Data excerpts:

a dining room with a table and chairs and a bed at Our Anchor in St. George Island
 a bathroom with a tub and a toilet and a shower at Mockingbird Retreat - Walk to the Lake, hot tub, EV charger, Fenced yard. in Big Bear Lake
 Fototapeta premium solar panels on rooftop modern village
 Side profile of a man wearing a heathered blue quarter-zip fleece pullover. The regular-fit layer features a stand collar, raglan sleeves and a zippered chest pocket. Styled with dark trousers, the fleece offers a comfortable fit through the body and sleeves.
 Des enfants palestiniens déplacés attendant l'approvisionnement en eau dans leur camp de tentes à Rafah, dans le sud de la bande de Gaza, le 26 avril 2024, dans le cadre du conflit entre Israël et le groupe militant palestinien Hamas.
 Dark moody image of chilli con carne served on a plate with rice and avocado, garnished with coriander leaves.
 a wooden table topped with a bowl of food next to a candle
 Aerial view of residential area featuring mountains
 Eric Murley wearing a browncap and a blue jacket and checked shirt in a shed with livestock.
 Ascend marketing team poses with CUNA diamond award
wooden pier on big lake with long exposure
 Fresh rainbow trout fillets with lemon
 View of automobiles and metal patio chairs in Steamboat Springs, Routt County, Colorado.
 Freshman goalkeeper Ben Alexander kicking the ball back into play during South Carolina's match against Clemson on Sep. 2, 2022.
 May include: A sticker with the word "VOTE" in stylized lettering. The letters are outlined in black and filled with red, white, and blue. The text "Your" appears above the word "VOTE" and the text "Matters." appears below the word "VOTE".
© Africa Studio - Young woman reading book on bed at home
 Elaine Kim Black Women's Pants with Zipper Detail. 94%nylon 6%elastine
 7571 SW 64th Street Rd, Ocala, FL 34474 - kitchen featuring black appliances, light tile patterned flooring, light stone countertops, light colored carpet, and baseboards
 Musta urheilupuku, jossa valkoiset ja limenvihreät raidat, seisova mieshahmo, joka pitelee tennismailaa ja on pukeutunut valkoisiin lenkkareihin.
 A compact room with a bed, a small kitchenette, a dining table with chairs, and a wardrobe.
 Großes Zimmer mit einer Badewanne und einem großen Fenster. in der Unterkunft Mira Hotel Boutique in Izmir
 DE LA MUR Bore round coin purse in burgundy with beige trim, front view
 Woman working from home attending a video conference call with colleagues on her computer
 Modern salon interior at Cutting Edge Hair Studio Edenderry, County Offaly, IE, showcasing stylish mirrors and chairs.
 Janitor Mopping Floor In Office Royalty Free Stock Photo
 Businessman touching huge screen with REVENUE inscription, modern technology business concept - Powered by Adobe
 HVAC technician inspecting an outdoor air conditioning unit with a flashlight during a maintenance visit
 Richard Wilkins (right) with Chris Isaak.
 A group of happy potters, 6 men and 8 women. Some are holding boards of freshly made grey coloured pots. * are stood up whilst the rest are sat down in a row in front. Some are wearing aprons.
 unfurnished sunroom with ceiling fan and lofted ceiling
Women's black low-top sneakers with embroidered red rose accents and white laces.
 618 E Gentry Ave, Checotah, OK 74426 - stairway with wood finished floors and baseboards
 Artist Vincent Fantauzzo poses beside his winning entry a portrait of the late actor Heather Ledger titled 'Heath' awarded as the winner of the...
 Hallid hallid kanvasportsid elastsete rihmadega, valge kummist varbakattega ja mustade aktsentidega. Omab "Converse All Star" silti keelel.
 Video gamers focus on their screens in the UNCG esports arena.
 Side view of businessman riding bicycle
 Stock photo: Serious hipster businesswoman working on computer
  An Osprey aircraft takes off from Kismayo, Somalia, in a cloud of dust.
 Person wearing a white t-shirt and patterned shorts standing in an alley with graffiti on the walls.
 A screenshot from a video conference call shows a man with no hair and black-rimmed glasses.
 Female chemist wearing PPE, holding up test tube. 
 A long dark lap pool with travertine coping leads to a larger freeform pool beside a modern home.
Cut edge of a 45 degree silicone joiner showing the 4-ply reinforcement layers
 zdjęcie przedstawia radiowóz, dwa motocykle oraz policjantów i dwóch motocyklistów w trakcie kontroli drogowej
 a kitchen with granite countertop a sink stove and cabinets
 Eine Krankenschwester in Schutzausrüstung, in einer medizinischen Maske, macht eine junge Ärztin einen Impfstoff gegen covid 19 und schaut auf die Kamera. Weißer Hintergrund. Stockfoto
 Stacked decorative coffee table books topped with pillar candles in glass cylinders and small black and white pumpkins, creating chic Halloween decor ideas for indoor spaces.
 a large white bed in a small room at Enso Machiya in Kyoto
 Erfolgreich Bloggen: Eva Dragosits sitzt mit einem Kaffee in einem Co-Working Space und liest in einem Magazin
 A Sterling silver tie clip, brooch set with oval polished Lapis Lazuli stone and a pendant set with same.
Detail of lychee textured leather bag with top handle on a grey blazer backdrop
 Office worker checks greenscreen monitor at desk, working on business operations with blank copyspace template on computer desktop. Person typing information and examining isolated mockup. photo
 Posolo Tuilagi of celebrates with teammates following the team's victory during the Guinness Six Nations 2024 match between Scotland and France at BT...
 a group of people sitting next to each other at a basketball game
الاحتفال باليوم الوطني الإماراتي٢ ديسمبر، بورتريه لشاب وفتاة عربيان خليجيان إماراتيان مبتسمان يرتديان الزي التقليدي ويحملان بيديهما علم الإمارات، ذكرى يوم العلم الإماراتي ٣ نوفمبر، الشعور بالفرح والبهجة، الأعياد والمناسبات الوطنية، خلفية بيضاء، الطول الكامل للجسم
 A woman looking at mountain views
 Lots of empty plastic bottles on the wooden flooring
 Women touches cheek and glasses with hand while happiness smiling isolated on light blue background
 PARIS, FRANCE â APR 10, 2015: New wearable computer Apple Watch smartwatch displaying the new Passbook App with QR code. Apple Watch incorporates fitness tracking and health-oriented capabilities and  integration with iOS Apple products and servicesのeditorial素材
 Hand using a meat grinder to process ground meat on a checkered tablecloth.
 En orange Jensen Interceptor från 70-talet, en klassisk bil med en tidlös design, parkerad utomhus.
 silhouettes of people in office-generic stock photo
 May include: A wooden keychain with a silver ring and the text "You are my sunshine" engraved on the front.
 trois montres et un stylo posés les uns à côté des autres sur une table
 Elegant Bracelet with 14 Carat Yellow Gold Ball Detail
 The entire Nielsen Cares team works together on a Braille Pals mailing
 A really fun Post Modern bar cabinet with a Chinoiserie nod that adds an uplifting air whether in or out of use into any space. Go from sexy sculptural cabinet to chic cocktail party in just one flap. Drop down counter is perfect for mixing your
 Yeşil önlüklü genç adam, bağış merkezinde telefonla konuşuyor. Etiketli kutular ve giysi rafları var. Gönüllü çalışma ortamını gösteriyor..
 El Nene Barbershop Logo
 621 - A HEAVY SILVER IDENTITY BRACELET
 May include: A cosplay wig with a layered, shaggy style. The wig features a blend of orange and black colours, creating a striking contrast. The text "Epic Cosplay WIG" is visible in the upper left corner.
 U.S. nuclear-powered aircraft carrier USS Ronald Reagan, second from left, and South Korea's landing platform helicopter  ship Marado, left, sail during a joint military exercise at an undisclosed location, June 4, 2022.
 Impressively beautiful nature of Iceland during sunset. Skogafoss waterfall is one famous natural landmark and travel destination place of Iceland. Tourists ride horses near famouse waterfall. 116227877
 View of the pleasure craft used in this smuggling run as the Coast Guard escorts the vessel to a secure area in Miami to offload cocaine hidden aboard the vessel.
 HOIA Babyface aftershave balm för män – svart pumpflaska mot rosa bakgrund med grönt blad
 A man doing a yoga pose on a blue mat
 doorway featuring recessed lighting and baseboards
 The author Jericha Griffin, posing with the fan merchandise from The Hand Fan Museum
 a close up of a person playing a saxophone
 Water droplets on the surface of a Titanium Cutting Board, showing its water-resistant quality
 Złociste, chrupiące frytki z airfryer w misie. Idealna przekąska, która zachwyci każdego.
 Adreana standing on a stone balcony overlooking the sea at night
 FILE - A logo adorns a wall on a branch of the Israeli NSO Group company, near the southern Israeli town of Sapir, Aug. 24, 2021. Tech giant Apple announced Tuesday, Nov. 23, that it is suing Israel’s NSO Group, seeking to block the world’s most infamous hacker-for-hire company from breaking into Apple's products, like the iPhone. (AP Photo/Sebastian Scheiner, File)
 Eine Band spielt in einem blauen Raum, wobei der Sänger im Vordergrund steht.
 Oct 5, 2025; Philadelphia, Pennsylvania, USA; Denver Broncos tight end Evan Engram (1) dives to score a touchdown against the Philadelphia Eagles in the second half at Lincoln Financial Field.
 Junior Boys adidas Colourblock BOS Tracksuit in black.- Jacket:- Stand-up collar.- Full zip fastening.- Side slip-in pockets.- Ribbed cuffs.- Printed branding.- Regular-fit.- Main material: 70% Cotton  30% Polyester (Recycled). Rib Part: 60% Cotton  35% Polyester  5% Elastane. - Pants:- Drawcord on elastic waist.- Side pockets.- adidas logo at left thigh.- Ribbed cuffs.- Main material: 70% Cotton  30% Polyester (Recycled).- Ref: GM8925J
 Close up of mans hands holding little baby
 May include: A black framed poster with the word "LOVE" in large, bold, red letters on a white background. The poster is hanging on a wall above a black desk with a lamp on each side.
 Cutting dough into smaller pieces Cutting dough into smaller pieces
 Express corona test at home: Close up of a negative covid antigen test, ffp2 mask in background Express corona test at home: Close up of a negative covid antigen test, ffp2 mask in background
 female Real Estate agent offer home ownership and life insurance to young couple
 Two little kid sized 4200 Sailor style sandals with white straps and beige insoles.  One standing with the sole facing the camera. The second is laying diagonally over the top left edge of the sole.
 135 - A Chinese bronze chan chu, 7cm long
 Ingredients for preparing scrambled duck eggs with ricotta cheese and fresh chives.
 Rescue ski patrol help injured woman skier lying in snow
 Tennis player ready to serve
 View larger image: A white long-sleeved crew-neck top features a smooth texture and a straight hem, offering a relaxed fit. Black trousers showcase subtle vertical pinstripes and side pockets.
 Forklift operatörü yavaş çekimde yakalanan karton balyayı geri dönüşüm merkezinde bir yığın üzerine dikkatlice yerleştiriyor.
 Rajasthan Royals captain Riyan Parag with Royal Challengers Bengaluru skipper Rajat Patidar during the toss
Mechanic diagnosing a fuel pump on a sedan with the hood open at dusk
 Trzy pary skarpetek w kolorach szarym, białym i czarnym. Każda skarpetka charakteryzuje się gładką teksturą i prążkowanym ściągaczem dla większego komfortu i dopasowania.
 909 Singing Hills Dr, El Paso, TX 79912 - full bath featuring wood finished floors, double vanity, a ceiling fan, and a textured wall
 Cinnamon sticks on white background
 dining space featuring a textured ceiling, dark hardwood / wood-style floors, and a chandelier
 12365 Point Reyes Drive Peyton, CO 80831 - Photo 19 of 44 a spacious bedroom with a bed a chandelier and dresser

TRY IT:
Each line from the first line of the entries up to and including the line containing "Side profile of" should be transcribed exactly, with all other lines left out.

OUTPUT:
a dining room with a table and chairs and a bed at Our Anchor in St. George Island
 a bathroom with a tub and a toilet and a shower at Mockingbird Retreat - Walk to the Lake, hot tub, EV charger, Fenced yard. in Big Bear Lake
 Fototapeta premium solar panels on rooftop modern village
 Side profile of a man wearing a heathered blue quarter-zip fleece pullover. The regular-fit layer features a stand collar, raglan sleeves and a zippered chest pocket. Styled with dark trousers, the fleece offers a comfortable fit through the body and sleeves.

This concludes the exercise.